(Items from a dataset)
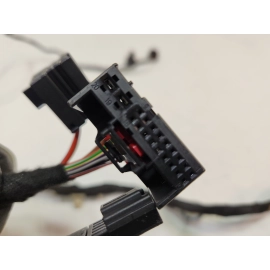 2016 - 2018 AUDI A6 S6 REAR RIGHT PASSENGER SIDE DOOR WIRE WIRING HARNESS OEM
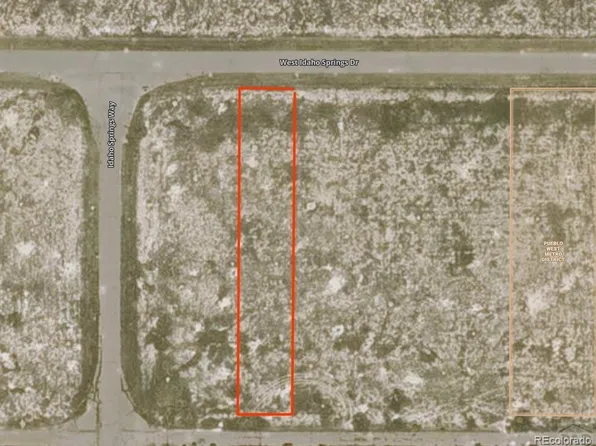 88 W Idaho Springs Drive LOT 19, Pueblo, CO 81007
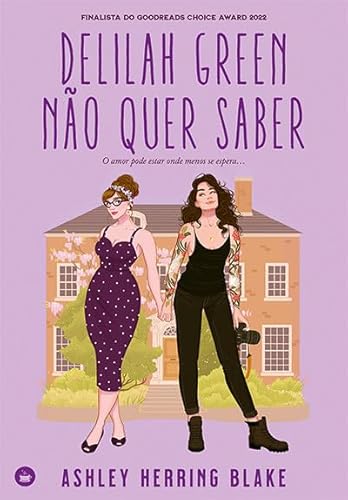 Delilah Green Não Quer Saber (Portuguese Edition)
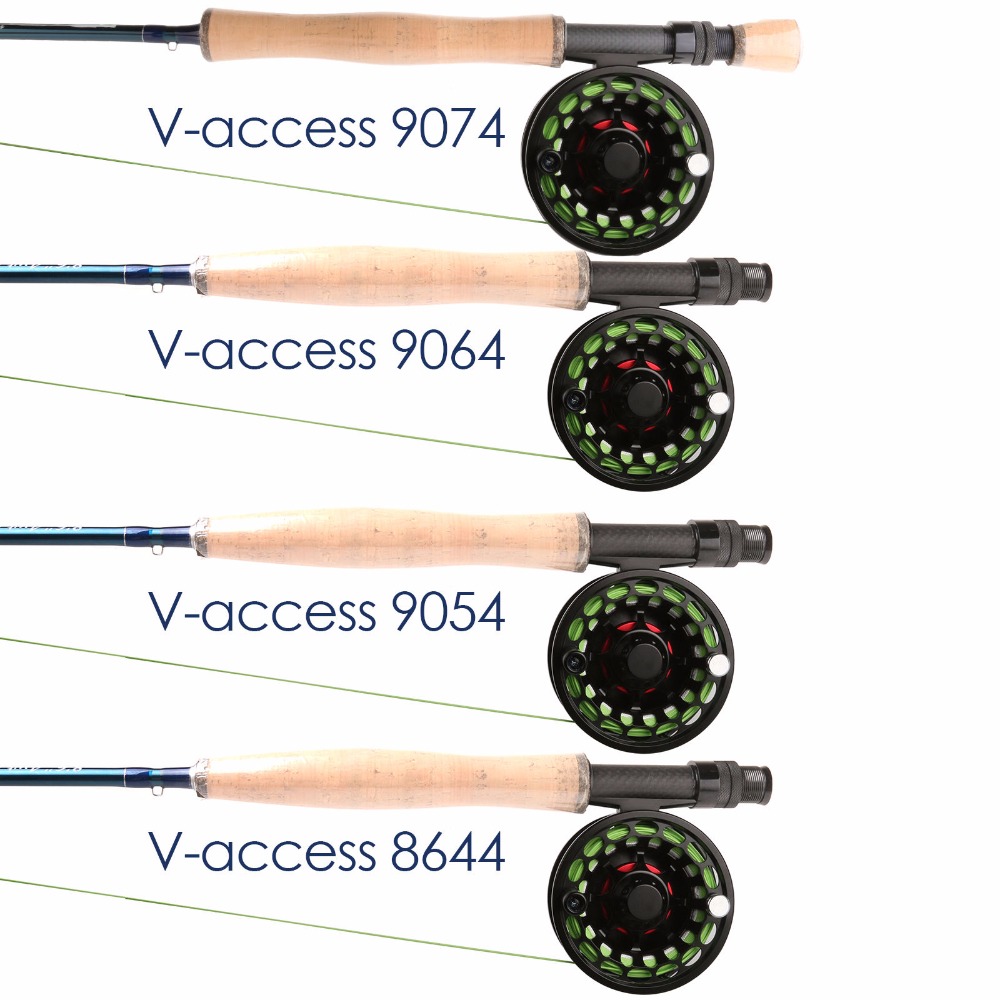 Maximumcatch Fly Fishing Rod 3 - مراجعة Fishing Rod Ice وسعره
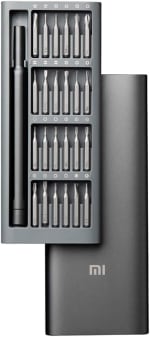 XIAOMI MIJIA Tournevis de précision Kit 24 en 1 pour 16,99€ chez Amazon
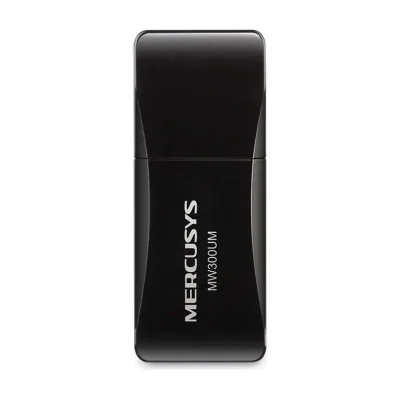 Adaptor MERCUSYS MW300UM, mini-USB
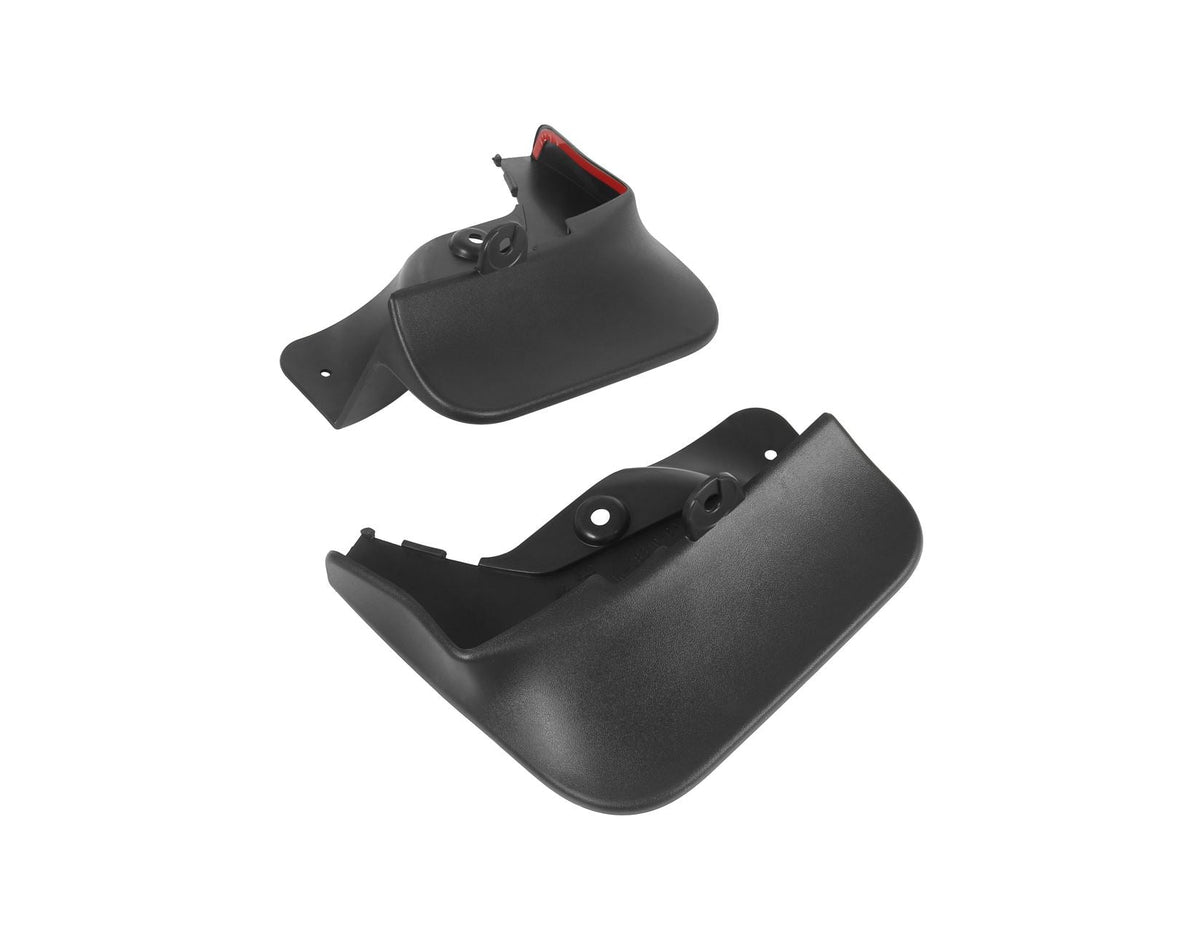 PUMA ST/ST-LINE REAR MUD FLAPS CONTOURED SPLASH GUARDS 2020-ONWARDS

WHAT IS EXPECTED:
Exactly as written, set down the lines from the line holding "Delilah Green Não" to the last line of the data, both ends included, pictures excluded.

YOUR SOLUTION:
 Delilah Green Não Quer Saber (Portuguese Edition)
 Maximumcatch Fly Fishing Rod 3 - مراجعة Fishing Rod Ice وسعره
 XIAOMI MIJIA Tournevis de précision Kit 24 en 1 pour 16,99€ chez Amazon
 Adaptor MERCUSYS MW300UM, mini-USB
 PUMA ST/ST-LINE REAR MUD FLAPS CONTOURED SPLASH GUARDS 2020-ONWARDS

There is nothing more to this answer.